La même analyse vaut, me semble-t-il, pour le socle commun, entendu comme ce « droit opposable » qui permettrait de renouveler la signification de l’obligation scolaire comme obligation d’instruire et d’éduquer. Car, autant on sait sanctionner un élève (c’est-à-dire ses parents …) lorsqu’il ne respecte pas l’obligation scolaire, autant on ne saurait pas comment sanctionner un enseignant dès lors que l’obligation d’instruire dans laquelle il est n’a pas produit l’effet attendu, en l’occurrence la maîtrise par l’élève, à l’issue de cette « scolarité obligatoire », du socle commun. On est donc bien, là aussi, dans l’ordre de l’exigence éthique plus que de la contrainte juridique. Dans l’ordre de l’utopie, mais au sens où une utopie peut être mobilisatrice. De telle sorte que l’expression « droit inconditionnel » serait sans doute plus pertinente que « droit opposable ».

Je vois une deuxième conséquence importante de cette interprétation du socle commun comme obligation de résultats, entendue dans un sens éthique plus que juridique : la rupture avec le ciblage « social » de l’obligation scolaire.

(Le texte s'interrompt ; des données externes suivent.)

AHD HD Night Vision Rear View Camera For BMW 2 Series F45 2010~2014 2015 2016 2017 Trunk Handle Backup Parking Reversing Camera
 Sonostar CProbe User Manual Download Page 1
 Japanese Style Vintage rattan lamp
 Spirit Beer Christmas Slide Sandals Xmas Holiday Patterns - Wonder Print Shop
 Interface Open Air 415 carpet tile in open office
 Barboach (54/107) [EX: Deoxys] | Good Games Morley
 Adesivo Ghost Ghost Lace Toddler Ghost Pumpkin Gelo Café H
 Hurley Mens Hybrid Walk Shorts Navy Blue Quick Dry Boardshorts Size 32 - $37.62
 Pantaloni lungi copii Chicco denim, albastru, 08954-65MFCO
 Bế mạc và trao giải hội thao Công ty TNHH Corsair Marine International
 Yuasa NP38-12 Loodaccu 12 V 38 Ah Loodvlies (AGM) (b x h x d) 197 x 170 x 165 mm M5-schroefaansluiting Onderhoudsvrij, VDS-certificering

Ce qui légitime fondamentalement le caractère obligatoire de l’école, c’est sa dimension commune. L’école ne peut être obligatoire que si elle est (et que tant qu’elle est) commune. Tant que l’école est obligatoire, toutes les opportunités doivent rester ouvertes pour tous les élèves car ce sont des êtres en devenir. Réciproquement, le seul impératif, la seule obligation véritable qui pèse sur une telle école, c’est précisément de produire du commun. Le « commun » au sens de l’ordinaire : une telle école doit échapper à la logique de l’excellence (qui implique compétition et sélection). Mais le commun au sens, aussi, de ce qui est partagé. Cette perspective d’une mise en commun se situe au-delà de l’opposition à laquelle on réduit souvent le débat aujourd’hui, en particulier à propos du collège, l’opposition de la différenciation, voire de l’individualisation et de l’homogénéisation, voire de la standardisation. Il s’agit, en réalité, de rapprocher, de rassembler, de faire du lien, sans pour autant nier les différences. Au contraire même, puisque ce sont précisément ces différences qui font la richesse de ce qui est partagé, mis en commun. C’est pourquoi l’appellation « école commune » me semble finalement préférable à l’appellation « école unique ».